In contrast, the coffee that is grown in Brazil is grown at a lower altitude and thus has matured faster. The resulting effect is smoother, sweeter flavours.
From specialty coffee to conscious coffee
In the ever-changing world we live in, coffee shops and coffee roasters – much like their coffee-producing partners – have had to adapt and evolve.
With a massive increase in interest in coffee, there has also been a huge increase in the traceability of coffee and how it can be produced in a much more sustainable way.
The rise of “third-wave specialty coffee”
Third-wave coffee is a term that has become increasingly popular in recent years.
Here at The Studio, we absolutely consider ourselves to be part of this third-wave coffee scene.

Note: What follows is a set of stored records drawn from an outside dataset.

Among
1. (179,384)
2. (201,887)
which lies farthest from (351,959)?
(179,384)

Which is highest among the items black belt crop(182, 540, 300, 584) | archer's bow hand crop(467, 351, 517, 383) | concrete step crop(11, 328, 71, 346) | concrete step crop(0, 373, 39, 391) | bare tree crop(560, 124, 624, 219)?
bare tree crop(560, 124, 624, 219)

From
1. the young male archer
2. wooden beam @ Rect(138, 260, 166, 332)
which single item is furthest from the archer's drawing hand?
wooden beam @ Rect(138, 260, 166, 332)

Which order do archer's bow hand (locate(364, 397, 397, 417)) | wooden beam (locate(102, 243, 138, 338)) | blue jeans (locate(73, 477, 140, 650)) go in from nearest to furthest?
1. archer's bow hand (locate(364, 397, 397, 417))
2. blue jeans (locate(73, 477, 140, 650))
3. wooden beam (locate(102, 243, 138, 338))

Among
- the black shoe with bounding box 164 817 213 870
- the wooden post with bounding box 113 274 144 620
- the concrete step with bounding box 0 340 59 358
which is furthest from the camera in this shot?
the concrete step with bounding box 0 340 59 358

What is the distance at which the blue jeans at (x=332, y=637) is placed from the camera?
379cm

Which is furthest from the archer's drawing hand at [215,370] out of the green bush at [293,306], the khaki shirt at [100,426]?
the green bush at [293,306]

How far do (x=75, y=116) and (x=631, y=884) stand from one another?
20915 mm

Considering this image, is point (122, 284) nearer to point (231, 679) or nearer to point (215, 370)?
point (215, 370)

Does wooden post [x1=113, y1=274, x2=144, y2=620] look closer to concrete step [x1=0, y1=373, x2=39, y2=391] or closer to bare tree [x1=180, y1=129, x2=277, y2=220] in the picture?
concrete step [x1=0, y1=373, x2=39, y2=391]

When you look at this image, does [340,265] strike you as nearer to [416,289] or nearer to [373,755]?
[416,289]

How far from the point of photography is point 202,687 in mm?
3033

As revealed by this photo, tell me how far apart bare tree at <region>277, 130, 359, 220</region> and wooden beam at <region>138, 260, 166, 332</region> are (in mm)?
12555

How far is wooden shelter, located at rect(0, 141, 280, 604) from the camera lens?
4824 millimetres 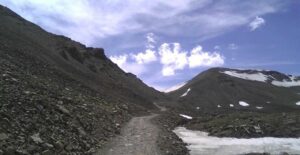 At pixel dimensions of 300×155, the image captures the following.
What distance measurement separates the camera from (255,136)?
3847cm

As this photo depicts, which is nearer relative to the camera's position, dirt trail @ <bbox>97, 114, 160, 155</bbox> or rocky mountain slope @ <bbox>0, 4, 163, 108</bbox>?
dirt trail @ <bbox>97, 114, 160, 155</bbox>

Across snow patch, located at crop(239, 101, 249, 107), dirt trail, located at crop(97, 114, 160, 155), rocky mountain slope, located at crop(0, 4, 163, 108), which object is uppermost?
snow patch, located at crop(239, 101, 249, 107)

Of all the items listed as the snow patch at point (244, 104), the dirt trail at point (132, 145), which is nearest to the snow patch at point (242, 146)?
the dirt trail at point (132, 145)

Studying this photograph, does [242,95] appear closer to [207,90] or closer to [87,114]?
[207,90]

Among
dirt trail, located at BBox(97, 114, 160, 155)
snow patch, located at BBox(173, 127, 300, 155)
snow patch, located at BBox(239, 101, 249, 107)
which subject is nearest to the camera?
dirt trail, located at BBox(97, 114, 160, 155)

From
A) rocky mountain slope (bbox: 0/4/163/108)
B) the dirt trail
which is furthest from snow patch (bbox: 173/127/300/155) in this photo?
rocky mountain slope (bbox: 0/4/163/108)

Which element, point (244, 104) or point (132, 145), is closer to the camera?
point (132, 145)

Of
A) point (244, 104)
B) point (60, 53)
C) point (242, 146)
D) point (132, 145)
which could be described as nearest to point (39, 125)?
point (132, 145)

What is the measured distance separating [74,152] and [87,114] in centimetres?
1007

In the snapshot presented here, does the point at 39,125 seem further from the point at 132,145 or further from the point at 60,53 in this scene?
the point at 60,53

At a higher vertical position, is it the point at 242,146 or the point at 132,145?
the point at 242,146

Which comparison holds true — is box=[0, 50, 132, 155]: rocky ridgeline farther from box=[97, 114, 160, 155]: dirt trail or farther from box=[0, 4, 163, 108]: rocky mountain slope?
box=[0, 4, 163, 108]: rocky mountain slope

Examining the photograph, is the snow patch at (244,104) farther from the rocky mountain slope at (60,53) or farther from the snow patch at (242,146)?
the snow patch at (242,146)

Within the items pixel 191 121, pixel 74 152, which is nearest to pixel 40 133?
pixel 74 152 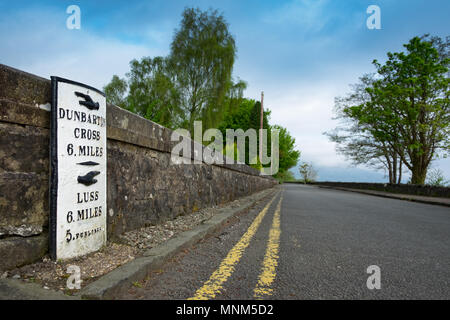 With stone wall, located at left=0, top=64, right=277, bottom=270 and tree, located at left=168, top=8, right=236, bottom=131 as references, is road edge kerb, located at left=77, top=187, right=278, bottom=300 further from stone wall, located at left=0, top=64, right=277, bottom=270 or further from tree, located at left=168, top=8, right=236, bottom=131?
tree, located at left=168, top=8, right=236, bottom=131

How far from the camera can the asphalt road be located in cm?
197

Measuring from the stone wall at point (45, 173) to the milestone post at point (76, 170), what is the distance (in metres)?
0.10

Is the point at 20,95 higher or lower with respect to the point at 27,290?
higher

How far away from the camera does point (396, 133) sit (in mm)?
22422

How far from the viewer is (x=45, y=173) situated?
83.0 inches

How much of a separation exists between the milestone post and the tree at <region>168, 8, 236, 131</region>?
20.1m

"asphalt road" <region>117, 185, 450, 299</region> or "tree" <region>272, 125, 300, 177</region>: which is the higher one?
"tree" <region>272, 125, 300, 177</region>

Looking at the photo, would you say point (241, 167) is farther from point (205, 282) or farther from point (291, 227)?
point (205, 282)

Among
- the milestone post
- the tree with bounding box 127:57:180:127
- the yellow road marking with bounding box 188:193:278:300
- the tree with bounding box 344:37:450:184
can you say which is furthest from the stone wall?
the tree with bounding box 344:37:450:184

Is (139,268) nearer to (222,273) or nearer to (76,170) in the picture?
(222,273)

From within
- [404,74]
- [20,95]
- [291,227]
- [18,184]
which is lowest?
[291,227]

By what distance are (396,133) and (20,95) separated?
85.2ft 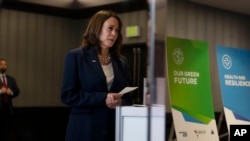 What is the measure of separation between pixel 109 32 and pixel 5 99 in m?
0.70

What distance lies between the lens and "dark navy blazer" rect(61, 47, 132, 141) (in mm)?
1877

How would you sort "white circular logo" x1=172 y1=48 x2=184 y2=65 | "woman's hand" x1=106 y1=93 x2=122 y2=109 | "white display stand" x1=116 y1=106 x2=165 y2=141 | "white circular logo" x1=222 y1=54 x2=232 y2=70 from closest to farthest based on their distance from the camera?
"white display stand" x1=116 y1=106 x2=165 y2=141
"woman's hand" x1=106 y1=93 x2=122 y2=109
"white circular logo" x1=172 y1=48 x2=184 y2=65
"white circular logo" x1=222 y1=54 x2=232 y2=70

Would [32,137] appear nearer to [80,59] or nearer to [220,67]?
[80,59]

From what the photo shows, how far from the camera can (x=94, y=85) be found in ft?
6.20

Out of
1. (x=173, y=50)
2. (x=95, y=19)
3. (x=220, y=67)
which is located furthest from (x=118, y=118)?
(x=220, y=67)

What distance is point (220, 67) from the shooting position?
4.53 meters

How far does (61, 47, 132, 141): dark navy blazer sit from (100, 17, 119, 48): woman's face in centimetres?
7

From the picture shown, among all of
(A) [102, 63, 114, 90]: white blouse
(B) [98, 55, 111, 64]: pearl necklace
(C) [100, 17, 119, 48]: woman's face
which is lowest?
(A) [102, 63, 114, 90]: white blouse

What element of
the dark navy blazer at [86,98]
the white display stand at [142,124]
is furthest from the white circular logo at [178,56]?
the white display stand at [142,124]

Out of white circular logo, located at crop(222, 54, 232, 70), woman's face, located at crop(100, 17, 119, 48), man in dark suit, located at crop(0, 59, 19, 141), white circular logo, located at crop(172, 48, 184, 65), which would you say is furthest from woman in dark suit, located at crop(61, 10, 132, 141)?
white circular logo, located at crop(222, 54, 232, 70)

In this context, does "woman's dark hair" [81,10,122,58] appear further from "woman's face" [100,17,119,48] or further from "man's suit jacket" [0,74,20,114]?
"man's suit jacket" [0,74,20,114]

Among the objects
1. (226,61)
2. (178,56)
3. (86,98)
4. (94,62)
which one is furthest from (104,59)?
(226,61)

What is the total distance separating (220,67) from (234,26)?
256 centimetres

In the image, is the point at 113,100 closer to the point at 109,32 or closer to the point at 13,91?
the point at 109,32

Third-wave coffee is a mindset that goes beyond premium grade coffee because it takes things to the next level.
From bean to cup, third-wave coffee is a much more traceable and sustainable way for coffee producers to grow coffee, coffee roasters to roast coffee and for us all to enjoy coffee.
More focus is given to the experience, the education and the production of coffee, with third-wave coffee shops making huge strides to approach coffee more consciously.
Specialty coffee shops
One of the most amazing things to come out of the specialty coffee world is how people from all over the world have come together to talk, debate and deliberate about coffee as a whole.
A higher standard of coffee is more accessible to coffee drinkers than ever before.
It is no wonder that over the last 10 years there has been an explosion of independent coffee shops, coffee roasters and aficionados across the globe.
When coffee businesses like ours are able to roast coffee and brew coffee at the same location, it gives our customers both more options and more knowledge in what they are drinking.
The future of Specialty coffee
When we consider the future of specialty coffee, the first thing we must do is address the elephant in the room: climate change.
This, as we can all see, is having a massive impact on the world around us and, unfortunately, coffee is not spared from this fate.
But the coffee plant’s roots grow deep and we will be enjoying it still for many years to come (phew).
With the slow and steady rise in the temperature of our earth, the only major impact on coffee production will be more of a geological location issue.
This is evident even today. For example in the southern border provinces of China, there has already been a rise in coffee production.
This is mainly due to the slight increase in temperature in this region. So we may see in the near future that China gains a larger foothold in the coffee-producing world.
One of the fantastic effects of the third-wave coffee moment is highlighting and promoting the drive for more sustainability and traceability in the world of coffee.
Coffee roasters and cafes are actively choosing coffees with a sustainable footprint and producers that promote equal wage and employment opportunities. Which is great news for everyone!
Why the world loves specialty coffee
As we have discovered, the world of specialty coffee is one that interweaves people, communities and global economics.
It is no wonder then that people view this simple cherry with such high regard.
From the Wall Street stock exchange to the cup you most likely have in your hand now reading this, the journey of coffee can take you all over the world.
And, if we can all play our part in sustaining our planet, it can continue to do so for many more years.
Like the world of wine, coffee is now being consumed for pleasure and not just thought of as “wake up juice”.
The carefully considered methods of processing and roasting coffee beans bring forth a fantastic world of choice, flavour and community that we are so happy to be a part of.
So, now if anyone ever asks you “what is specialty coffee?” you can confidently explain not just what specialty coffee is, but why its consumption is increasing so rapidly. You’ll be sure to impress!